Task input below:

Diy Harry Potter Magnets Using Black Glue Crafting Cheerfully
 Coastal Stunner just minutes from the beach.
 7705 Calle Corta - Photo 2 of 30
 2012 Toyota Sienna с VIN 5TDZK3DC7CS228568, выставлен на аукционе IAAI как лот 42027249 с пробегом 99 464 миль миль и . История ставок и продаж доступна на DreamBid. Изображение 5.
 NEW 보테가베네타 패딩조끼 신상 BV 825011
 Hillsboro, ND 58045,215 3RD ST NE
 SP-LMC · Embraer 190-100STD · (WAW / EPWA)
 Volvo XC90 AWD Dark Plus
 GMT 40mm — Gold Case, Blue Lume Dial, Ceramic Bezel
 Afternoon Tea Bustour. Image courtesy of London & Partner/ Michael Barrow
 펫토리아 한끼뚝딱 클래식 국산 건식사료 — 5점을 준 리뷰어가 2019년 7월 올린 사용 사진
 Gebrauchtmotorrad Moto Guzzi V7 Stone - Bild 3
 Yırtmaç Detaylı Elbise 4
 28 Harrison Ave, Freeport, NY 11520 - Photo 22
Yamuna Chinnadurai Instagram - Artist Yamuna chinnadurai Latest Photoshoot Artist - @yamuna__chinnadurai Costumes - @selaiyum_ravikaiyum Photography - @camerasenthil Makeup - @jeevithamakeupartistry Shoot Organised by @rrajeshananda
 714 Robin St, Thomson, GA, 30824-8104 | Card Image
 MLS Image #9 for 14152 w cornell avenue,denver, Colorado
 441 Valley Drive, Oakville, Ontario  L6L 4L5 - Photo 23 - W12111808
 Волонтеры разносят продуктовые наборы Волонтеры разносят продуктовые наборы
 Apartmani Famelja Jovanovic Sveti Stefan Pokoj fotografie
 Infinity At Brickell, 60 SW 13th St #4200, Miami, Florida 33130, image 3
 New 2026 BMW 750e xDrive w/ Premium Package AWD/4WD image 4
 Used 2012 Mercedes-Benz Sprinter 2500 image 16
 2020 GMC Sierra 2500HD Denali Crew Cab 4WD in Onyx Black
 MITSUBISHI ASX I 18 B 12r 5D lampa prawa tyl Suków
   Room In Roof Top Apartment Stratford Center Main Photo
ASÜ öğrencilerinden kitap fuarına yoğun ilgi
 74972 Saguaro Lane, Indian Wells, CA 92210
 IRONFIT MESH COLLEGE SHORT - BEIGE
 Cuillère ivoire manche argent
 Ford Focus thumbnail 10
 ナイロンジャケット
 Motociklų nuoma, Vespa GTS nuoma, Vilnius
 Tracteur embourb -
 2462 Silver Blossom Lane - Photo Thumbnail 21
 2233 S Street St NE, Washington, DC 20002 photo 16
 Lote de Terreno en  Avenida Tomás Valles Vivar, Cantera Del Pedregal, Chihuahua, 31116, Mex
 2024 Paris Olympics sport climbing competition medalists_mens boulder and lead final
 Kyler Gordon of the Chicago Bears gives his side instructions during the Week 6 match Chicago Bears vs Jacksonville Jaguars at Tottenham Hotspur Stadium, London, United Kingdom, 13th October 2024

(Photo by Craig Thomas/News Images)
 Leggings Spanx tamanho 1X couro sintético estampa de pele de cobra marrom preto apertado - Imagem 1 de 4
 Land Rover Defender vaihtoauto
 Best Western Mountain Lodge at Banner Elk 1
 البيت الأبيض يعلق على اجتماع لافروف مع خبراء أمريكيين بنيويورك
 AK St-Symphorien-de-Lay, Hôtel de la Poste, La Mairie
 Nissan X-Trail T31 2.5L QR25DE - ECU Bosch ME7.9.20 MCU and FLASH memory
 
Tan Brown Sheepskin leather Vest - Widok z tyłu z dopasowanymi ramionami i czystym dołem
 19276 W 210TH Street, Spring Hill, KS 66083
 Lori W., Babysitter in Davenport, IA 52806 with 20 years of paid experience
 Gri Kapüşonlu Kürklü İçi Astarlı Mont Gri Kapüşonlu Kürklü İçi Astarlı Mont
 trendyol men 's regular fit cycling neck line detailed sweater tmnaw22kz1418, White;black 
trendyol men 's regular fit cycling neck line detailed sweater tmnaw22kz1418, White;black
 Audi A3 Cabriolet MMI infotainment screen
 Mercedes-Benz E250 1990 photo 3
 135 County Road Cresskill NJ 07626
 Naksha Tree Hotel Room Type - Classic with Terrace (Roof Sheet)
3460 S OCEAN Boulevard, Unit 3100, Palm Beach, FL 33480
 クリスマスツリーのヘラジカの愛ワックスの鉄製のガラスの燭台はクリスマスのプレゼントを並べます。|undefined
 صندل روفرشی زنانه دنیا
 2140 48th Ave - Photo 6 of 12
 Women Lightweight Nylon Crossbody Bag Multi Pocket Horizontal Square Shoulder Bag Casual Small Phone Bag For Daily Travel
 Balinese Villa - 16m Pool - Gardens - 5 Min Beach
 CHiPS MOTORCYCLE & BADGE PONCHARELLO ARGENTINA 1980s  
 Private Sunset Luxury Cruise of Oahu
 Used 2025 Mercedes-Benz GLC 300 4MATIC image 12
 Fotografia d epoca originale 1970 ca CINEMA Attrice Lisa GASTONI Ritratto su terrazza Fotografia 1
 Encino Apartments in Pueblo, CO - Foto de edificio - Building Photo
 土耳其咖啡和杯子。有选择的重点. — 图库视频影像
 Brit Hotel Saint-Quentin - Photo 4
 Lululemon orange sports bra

End of Task input.

> What the task requires
Find the number of lines in the entries above that hold the string "with", and write only that number.

> Response to the exercise
2